Robins, blue jays, blackbirds, and doves screamed war cries as they flocked down from the sky, dive-bombing Marvin and speckling him white with shit. Garter snakes advanced in slithering circles, snapping at his bare legs. Rabbits attacked from the flanks, leaping to bite and claw at his arms and torso. Blood ran from a wound that dotted the “i” of April. A flurry of fur, and feathers, and shit covered Marvin as he struggled to get away.
“THIS IS ARBOR DAY!”
Marvin escaped to his house for a moment and returned fire with a pump shotgun, blasting in the general direction of anything that moved and cackling madly. I wove a serpentine pattern to April, wrapped my arms around her waist and yanked her away from the earth. The tension gave way, and she slumped over my shoulder.
I darted through our patio door into the kitchen, praying that Tressa hadn’t been shot. I laid her down on the cool linoleum and checked her over, my hands moving, but my brain in a fog.
“Tressa, baby, are you all right? Talk to me, honey.”
She looked up at me, tears in her little green eyes. “I’m hungry.”
I hugged her tight, watching over her shoulder as Marvin continued firing his gun, though at what, I couldn’t imagine.

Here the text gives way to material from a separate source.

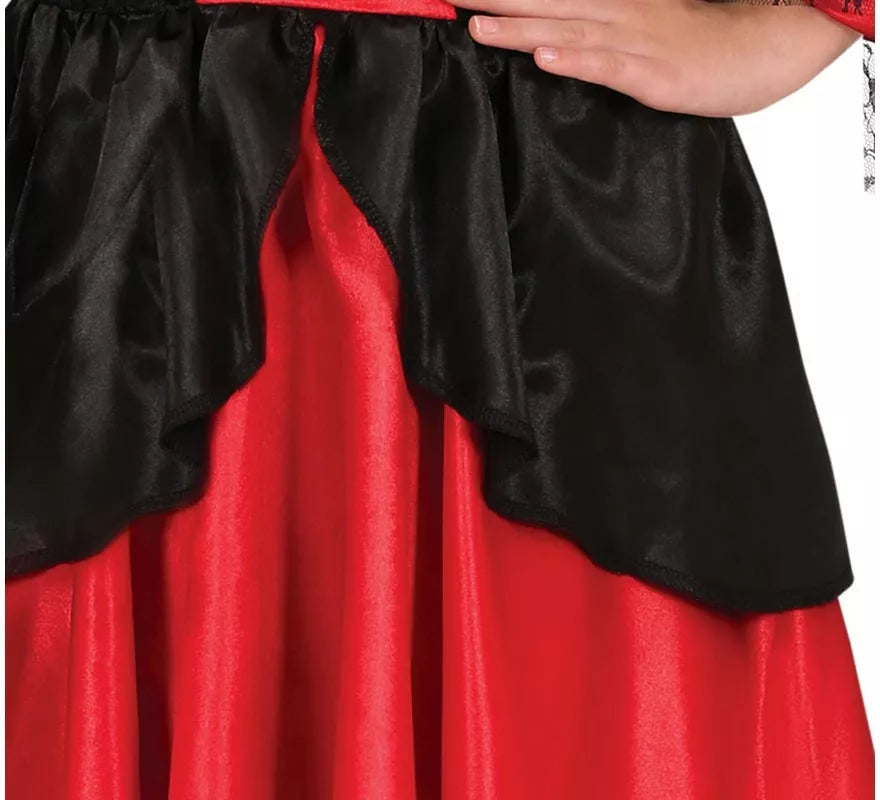 Translation missing: de.Disfraz de Vampiresa Elegante para niña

All the animals had fled from the approaching sirens.
Tressa was ravenously eating her cupcake and milk when they took Marvin away in handcuffs. Police in ballistic vests and dark sunglasses led him to a car while he screamed that the animals were trying to kill him.
Tressa took a long drink of milk and wiped her lips. “We should finish planting that tree. It’s still Arbor Day.”
“Yes,” I said, looking at my daughter a little differently, searching for any sign of the fiery wrath that she had shown in the yard. “It’s still Arbor Day.”